In its latest survey, the NRF reports that the average family with school-age children in grades K-12 has already 52% finished with shopping -- up from 40% the same time last year, and the highest since it began the survey. College families have finished up 50%.
That’s evidence that they are more value-focused, the Washington D.C.-based trade group says. “Shopping early and often has become a sign of the times as budget-conscious consumers aim to ease the brunt of large spending events,” it says in its report. “In the weeks ahead, last-minute shoppers can expect promotions to continue through Labor Day as retailers try to make room for fresh fall merchandise.”
The survey, which included some 5,700 parents and was conducted by Prosper, also finds that 43% of back-to-school shoppers say they are influenced by sales, coupons and promotions, up from 39% last year.
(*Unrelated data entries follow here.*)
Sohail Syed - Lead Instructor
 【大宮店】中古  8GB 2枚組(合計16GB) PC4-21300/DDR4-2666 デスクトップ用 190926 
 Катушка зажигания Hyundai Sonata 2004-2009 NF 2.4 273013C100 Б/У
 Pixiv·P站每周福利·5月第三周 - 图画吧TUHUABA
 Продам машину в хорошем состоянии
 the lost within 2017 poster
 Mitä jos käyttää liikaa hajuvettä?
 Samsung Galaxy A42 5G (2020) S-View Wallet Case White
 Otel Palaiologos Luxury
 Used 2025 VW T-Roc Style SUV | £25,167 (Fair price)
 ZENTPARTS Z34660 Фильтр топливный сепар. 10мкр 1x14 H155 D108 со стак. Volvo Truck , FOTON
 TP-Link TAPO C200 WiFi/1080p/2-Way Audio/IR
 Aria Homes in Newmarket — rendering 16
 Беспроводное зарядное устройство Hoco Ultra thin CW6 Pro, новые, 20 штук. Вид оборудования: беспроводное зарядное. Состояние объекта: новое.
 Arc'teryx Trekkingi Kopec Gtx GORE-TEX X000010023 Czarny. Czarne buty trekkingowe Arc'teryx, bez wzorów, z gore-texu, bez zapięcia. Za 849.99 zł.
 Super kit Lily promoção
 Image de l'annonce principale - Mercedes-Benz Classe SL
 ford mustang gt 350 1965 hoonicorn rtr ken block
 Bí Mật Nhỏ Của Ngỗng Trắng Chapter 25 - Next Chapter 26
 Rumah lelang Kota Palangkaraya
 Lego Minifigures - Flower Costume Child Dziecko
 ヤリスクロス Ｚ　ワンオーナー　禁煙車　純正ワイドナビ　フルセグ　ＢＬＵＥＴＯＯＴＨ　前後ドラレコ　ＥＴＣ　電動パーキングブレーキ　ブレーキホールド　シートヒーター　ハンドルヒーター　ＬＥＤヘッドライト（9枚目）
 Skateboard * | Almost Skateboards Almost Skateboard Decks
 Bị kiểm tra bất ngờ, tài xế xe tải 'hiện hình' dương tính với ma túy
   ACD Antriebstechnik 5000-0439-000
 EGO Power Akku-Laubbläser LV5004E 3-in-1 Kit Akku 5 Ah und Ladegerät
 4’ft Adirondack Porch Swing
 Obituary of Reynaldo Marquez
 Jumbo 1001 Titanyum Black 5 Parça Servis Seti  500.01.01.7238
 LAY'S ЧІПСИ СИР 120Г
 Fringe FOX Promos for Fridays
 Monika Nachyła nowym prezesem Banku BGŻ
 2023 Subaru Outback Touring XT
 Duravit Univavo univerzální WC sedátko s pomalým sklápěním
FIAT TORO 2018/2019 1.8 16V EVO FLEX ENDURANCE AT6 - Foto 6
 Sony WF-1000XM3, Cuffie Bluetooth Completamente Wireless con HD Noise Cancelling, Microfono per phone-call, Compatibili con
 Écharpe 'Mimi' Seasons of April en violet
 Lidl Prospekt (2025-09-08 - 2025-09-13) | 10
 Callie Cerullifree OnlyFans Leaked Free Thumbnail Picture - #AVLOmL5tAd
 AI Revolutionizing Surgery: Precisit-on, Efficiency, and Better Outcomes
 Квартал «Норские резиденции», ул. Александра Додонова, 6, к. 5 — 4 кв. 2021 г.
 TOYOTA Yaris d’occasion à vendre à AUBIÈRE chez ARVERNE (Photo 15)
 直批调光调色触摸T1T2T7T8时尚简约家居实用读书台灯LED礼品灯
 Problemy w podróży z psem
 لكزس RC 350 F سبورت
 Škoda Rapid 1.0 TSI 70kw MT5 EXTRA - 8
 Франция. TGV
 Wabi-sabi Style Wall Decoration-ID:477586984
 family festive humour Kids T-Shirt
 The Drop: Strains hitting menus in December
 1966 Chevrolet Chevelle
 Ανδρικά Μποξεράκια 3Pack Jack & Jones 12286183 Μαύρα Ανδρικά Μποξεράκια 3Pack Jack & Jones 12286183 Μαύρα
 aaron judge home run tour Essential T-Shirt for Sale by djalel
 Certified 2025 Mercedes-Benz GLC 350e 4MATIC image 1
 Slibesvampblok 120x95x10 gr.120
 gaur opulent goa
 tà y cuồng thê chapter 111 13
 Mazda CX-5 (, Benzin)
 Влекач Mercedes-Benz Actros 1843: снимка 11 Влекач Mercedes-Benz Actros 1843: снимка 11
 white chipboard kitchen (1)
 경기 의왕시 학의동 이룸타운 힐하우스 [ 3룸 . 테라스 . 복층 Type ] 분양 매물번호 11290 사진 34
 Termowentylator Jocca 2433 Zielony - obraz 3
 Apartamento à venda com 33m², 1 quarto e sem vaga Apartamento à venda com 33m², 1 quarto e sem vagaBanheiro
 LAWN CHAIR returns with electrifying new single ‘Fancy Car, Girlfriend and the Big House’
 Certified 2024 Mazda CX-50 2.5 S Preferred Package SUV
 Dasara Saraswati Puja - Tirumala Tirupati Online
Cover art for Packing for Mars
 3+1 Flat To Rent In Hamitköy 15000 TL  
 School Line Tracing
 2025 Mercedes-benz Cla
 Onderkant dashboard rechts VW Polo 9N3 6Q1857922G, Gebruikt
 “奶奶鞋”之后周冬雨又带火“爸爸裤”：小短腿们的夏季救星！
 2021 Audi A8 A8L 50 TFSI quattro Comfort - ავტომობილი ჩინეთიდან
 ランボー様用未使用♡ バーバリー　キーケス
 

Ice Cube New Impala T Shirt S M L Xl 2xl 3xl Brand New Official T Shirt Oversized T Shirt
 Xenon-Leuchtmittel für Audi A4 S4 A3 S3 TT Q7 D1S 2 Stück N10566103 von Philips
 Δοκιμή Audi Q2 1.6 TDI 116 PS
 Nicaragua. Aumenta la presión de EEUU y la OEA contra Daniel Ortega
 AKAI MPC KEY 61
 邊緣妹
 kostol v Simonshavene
And PriceGrabber just released its latest survey, based on 1,900 parents, reporting that nearly 80% of respondents say they are finding most of their information on back-to-school shopping from online retailer emails, Web sites and blog announcements. They are also shifting strategies a bit: 26% plan to use more coupons; 19% will shop at less expensive stores, and 16% will use cards that reward them with points. And 46% intend to put their smartphones to use finding better BTS deals.
One interesting shift, the NRF notes, is that parents seem more committed to paying with cash and debit cards, with 46% saying they will use their debit cards most often, compared with cash (31%) and credit (20%).
It estimates school and college spending will reach $72.5 billion.
Meanwhile, it’s worth noting there’s a bit of glee in this parental shopping: Parents are happy to pack their kids off to school again. DDB Life Style Study finds that in its latest research, 76% of parents with kids between 6 and 17 are glad when school starts, and say they welcome the change to get back on a fixed schedule.
That’s especially true for dads. In fact, dads wish kids spent even more time at school: Only 37% of moms, vs. 51% of dads, say they would advocate for a longer school day. And while just 42% of moms think it might be a good idea for the school year to last longer, 52% of dads say they would approve.